Mock up Candy Buffet

I did a mock up of what I want our candy buffet to look like last night and I think it is going to be a real success! I think I even found a table that we can bring with us to set it all up with. I am so happy to say that I am not buying any more purple candy! I'm not even going to look anymore. For the last month, every store I've been to I've looked for purple candy and I'm glad to be done! We spent another $18 dollars for another pound of purple m&ms at the Sweet Factory, and $8 for a pound and a half of purple jelly belly beans.

We also went back to Party City and got some dark purple sixlets, and lavender foil wrapped balls of chocolate. It looks like we won't be using the Dum Dum suckers, Smarties, skittles, or tootsie rolls. Oops, sorry I made you buy those honey. But hey, we can give them to the tricker treaters this Halloween!


My best friend and maid of honor will be coming home from Canada in less than a week and we are going to get manicures, her treat. Thank goodness because my new job at Michaels has caused lots of nail breakage. I got my hair cut the other day and now I have bangs, and I really like it. I also made my wedding day hair appointment so I am on a roll! Call me butter, baby!

Friday, October 28, 2011

Flower Girls and Ring Bearer Woes

My god daughters recently moved to Alabama and today I got a text message from their mother that said they couldn't make it to the wedding in two weeks. They promised me over and over before they even moved that they would make it no matter what. Needless to say, I am a little devastated. I guess they are a little hard up for cash right now, and that's completely understandable. Who isn't?

So, I think I can get them to come to the wedding if Kevin and I purchase the flower girl dresses and shoes for our god daughters. I feel horrible because we've already paid for five meals for them (3 kids, 2 parents), gifts for all three girls, the flower girl basket, and the ring bearer pillow. Not to mention I dyed hundreds of rose petals purple for the flower girl basket. So much effort has been put into getting them to this wedding, that if they didn't show up, it would literally ruin some aspects of the wedding.

I even made the programs already and included their names in the programs and I printed them on our home printer, so I won't print them again. Please keep your fingers crossed that they are able to make the six hour drive from Alabama to our wedding in Greenwood, Indiana.
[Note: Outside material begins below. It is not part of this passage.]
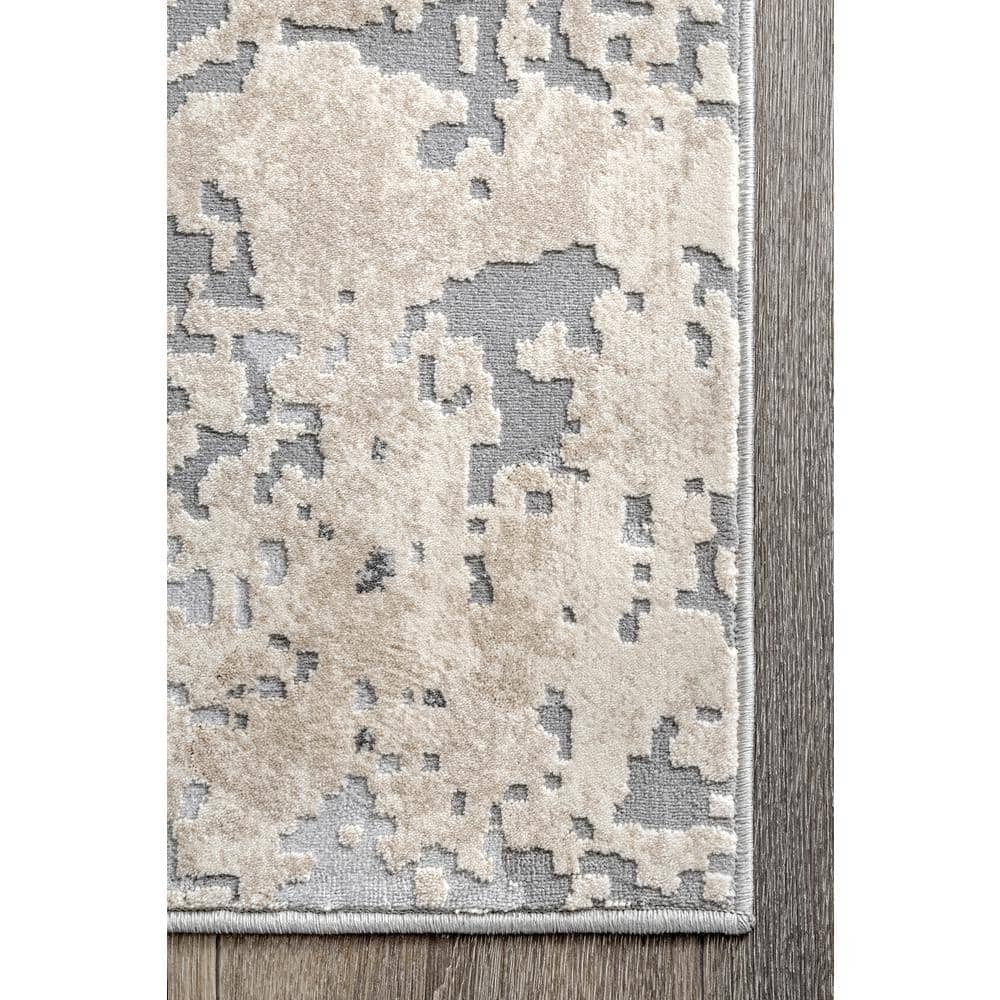 Beige and Gray Abstract Reversible 4' x 6' Synthetic Rug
This sad announcement comes just 14 days, TWO WEEKS, until the big day. With everything else that's on my mind and all the other things I need to tweak to make sure everything works out okay, I just didn't need this on top of everything. I hope they come.

Sunday, October 23, 2011

Nervous Much?

Warning: This post may be construed as a pity party, woe is me type of post. If you don't want to read about what goes through my head all day, exit now.

I don't want to sound like my life sucks, because it really doesn't. In fact, some people would kill to have the kind of life I have. My parents are married, and have been for nearly 30 years now. I am getting married in 19 days to a wonderful man who treats me like a queen. I live at home rent free (for now, at least) and I work part time at a craft store that I have shopped at for most of my life.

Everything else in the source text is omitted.